[BGL] Threshold for betweenness_centrality_clustering()

Hi, I would like to use boost::betweenness_centrality_clustering() to search a graph for specific clusters. The documentation talks about a "Done" object, which I assume is a functor, similar to the predicates used in filtered_graph(). So in order to decide whether the algorithm should stop the clustering, it probably needs a threshold to decide if it should further iterate and remove edges to decompose the graph. My questions now are: - Does someone perhaps have an example for the usage of this algorithm? I only found documentation on "betweenness.centrality.clustering {RBGL}" for Gnu R, which doesn't bring me very far. - Is there some sort of rule-of-thumb to start with for finding this termination threshold or if there is some more-or-less methodical way of finding out a reasonable threshold? Best, Cedric

On Thu, 20 Jan 2011, Cedric Laczny wrote:
Hi,
I would like to use boost::betweenness_centrality_clustering() to search a graph for specific clusters. The documentation talks about a "Done" object, which I assume is a functor, similar to the predicates used in filtered_graph(). So in order to decide whether the algorithm should stop the clustering, it probably needs a threshold to decide if it should further iterate and remove edges to decompose the graph.

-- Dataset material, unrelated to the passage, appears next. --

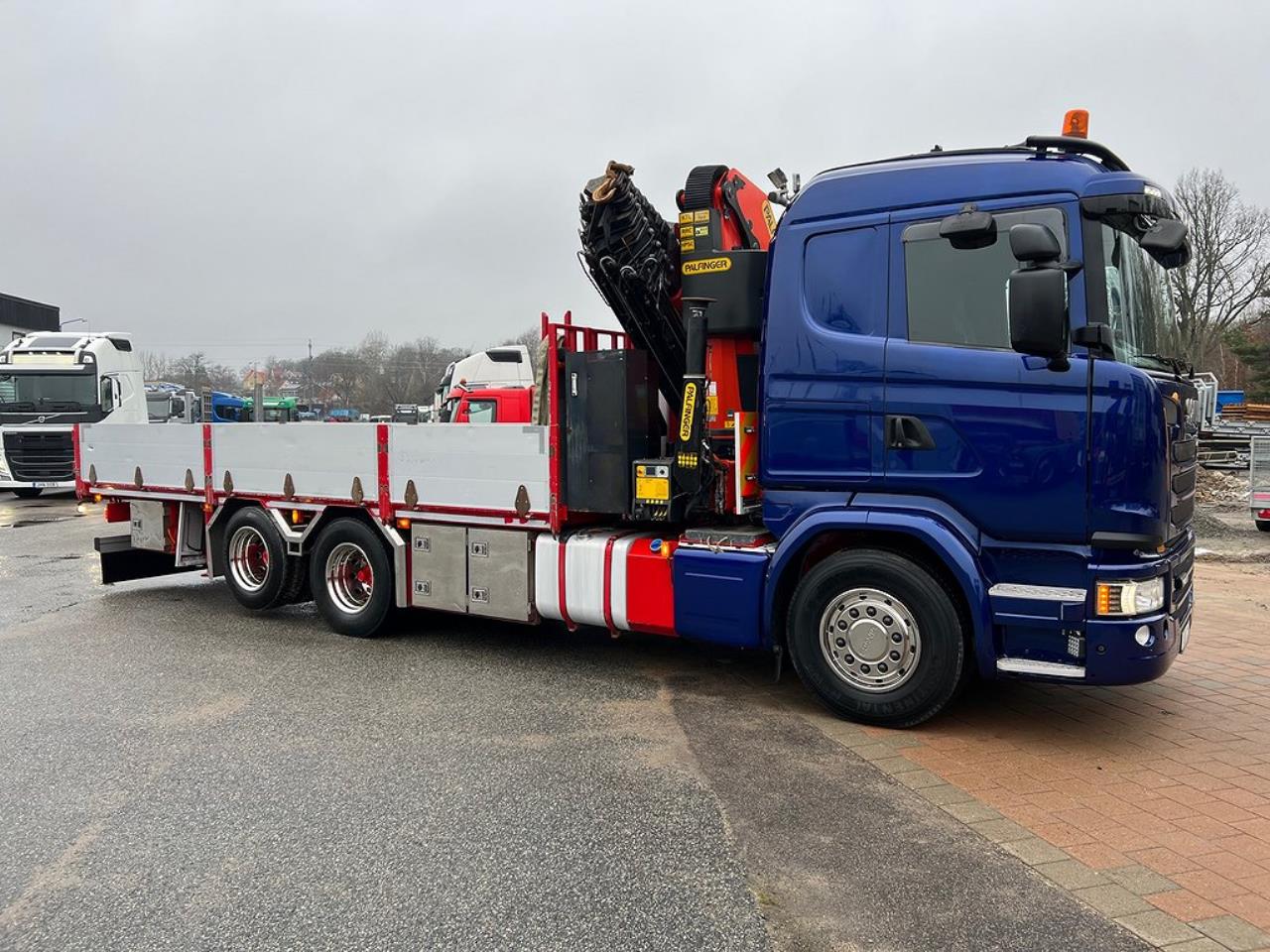 Scania G450 6x2 Brädgårdsbil Stor Kran, Båtstöttor Euro 6 2015 - Kran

My questions now are: - Does someone perhaps have an example for the usage of this algorithm? I only found documentation on "betweenness.centrality.clustering {RBGL}" for Gnu R, which doesn't bring me very far. - Is there some sort of rule-of-thumb to start with for finding this termination threshold or if there is some more-or-less methodical way of finding out a reasonable threshold?

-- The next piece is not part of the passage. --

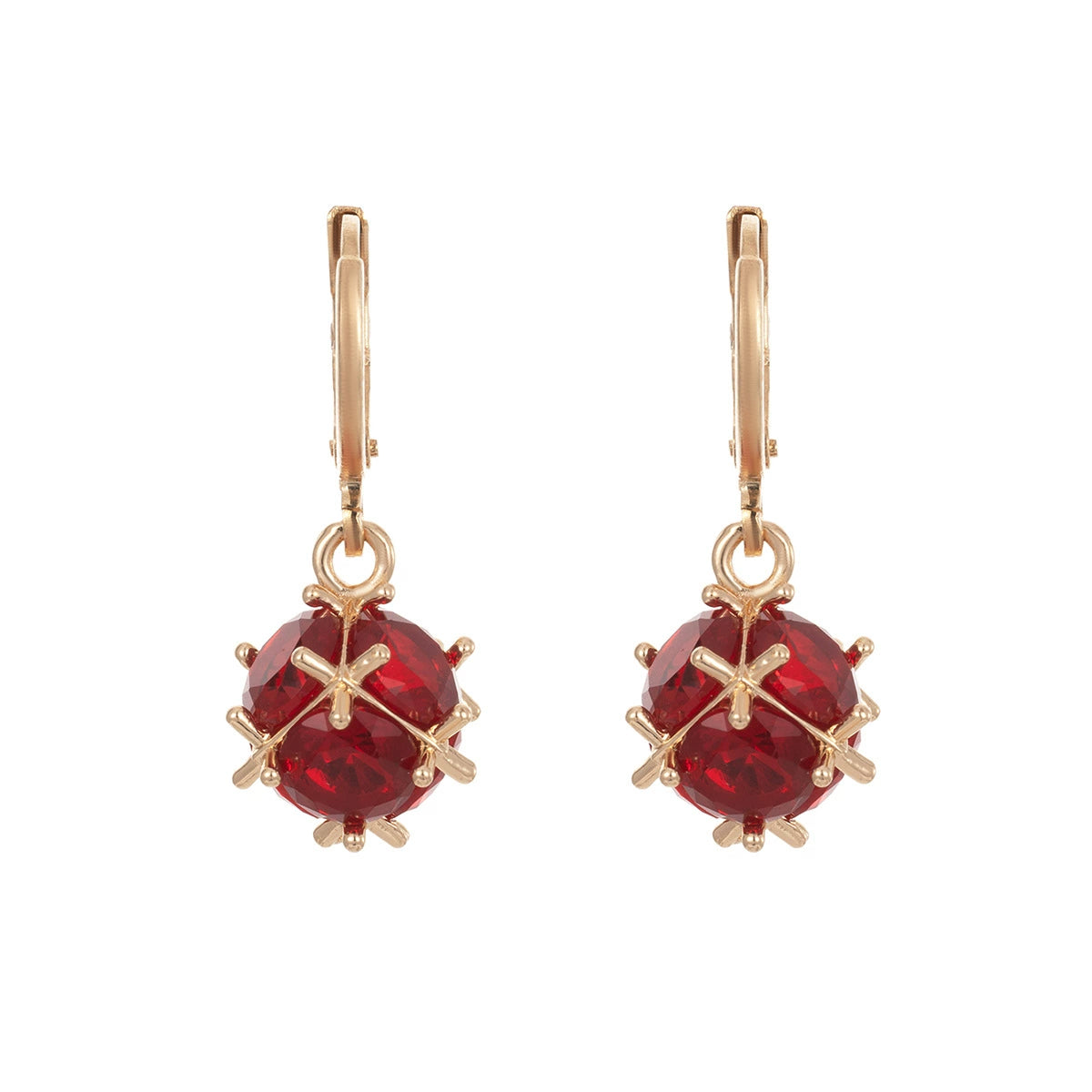 Red Crystal & Goldtone Ball Huggie Earrings - Street Region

I do not know too much about the algorithm myself, but would the documentation at <URL:http://www.boost.org/doc/libs/1_45_0/libs/graph/doc/bc_clustering.html> help you? -- Jeremiah Willcock

On Thursday, 20. January 2011 19:36:05 Jeremiah Willcock wrote:
On Thu, 20 Jan 2011, Cedric Laczny wrote:
Hi,
I would like to use boost::betweenness_centrality_clustering() to search a graph for specific clusters. The documentation talks about a "Done" object, which I assume is a functor, similar to the predicates used in filtered_graph(). So in order to decide whether the algorithm should stop the clustering, it probably needs a threshold to decide if it should further iterate and remove edges to decompose the graph.
My questions now are: - Does someone perhaps have an example for the usage of this algorithm? I only found documentation on "betweenness.centrality.clustering {RBGL}" for Gnu R, which doesn't bring me very far. - Is there some sort of rule-of-thumb to start with for finding this termination threshold or if there is some more-or-less methodical way of finding out a reasonable threshold?
I do not know too much about the algorithm myself, but would the documentation at <URL:http://www.boost.org/doc/libs/1_45_0/libs/graph/doc/bc_clustering.html
help you?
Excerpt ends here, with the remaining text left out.